Anyway, without further ado.. here’s the recipe for pâte sablée that rocks my world.

“The french name for shortcrust pastry, pâte sablée (sandy pastry) says it all: when baked, this dough has a crumbly, sandy texture that pairs well with rich, creamy fillings. Preparing the dough in the food processor is especially efficient when you use ground nuts as an ingredients, as the nuts are processed and then simply left in the work bowl. Fillings range from a rich and elegant layered combination of chocolate and chestnut creams, to the smooth and satisfying cream cheese and soured cream filling for a New York cheesecake – which actually isn’t a tart at all, but does use a baked shortcrust pastry crust as a base” – Nick Malgieri

from Bake! Essential techniques for perfect baking by Nick Malgieri
makes about 675 g dough, enough for two 25cm tart crust

30 g slivered or whole blanched almonds, optional
85 g icing sugar, sifted
325 g plain flour
1/4 tsp salt
225 g unsalted butter, cold, cut into 16 pieces
2 medium egg yolks
1 tsp vanilla extract

  • Combine the almonds and icing sugar in the bowl of a food processor and pulse until finely ground, about 1 min.
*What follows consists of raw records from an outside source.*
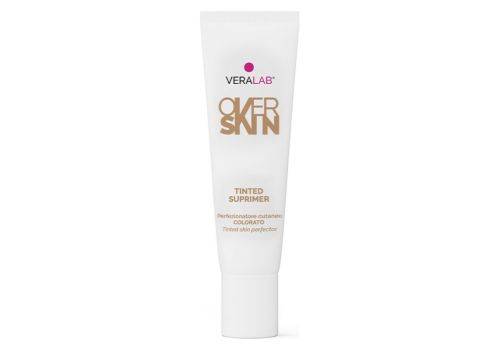 Veralab Overskin tinted suprimer 02 primer viso uniformante colorato 25ml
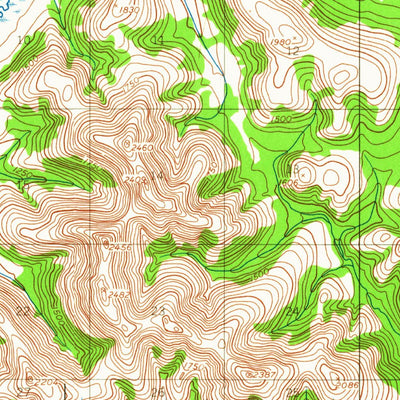 United States Geological Survey Lake Clark C-8, AK (1954, 63360-Scale) digital map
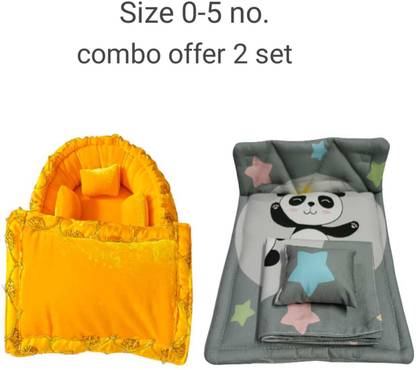 Radhay Krishna Laddu gopal bedding Set nd Panda Bed Combo Dress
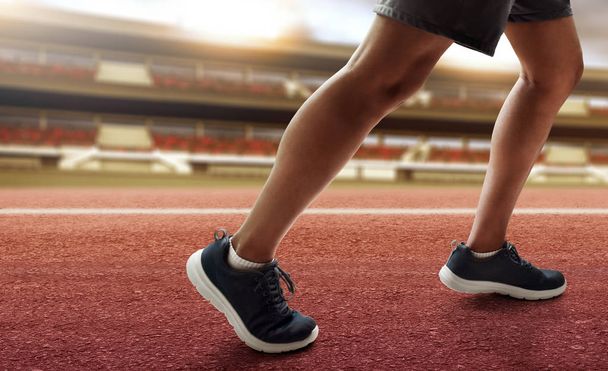 Running on the track - Photo, Image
No visible pieces of almond should remain.
  • Add flour and salt and pulse couple times to mix. (If not using the nuts, start here and add the sugar). Add butter and pulse repeatedly until no visible pieces remain. Add the yolks and vanilla and pulse until the dough forms a ball.
  • Turn the dough out onto floured surface and carefully remove the blade. Divide into 2 equal pieces, shape each into a thick disc and wrap individually in cling film. Refrigerate until firm, at least 1 hr.
  • To form a tart crust, remove one piece of dough from fridge and allow to soften at room temperature (about 20 mins), just until it is soft enough to roll without cracking. Unwrap it and place it on a floured surface. Use the palm of your hand to press it into a thickness of 5mm.
  • Flour the dough and gently roll it into a 33 cm disc, adding pinches of flour under and top of the dough as needed.
  • Fold the dough in half and and slide both hands under it, palms upward and transfer it to the tin, lining up the fold with the diameter of the tin. Unfold the dough into the tin. If the dough cracks or tears, press it back together.
  • Evenly fit the dough into the tin, making sure it’s flat against both the base and side of the tin. Trim away any excess dough at the rim by rolling over it with rolling pin.
  • Finish off the top edges by pressing outward against the side of the tin with your thumb and down at the same time at the top of the crust with your index finger.
  • Slide the flan tin onto a baking sheet, cover it with clingfilm and refrigerate it for several hours or overnight before baking.
  • Set a rack in the center of the oven and preheat to 180 C. Pierce the chilled tart crust all over at 2.5cm intervals with fork. Line the crust, bottom and sides with parchment paper and fill with dried beans or other small weights.
  • Bake the tart crust until it is dry looking and set, about 10 mins. Remove the paper and beans and bake until the crust is evenly light golden, 15-20 mins.
  • Cool the crust on a rack and use the same day you bake it.

Note: Nick uses flan tin, the shorter sister of tart/ quiche tin. So measurement might varies.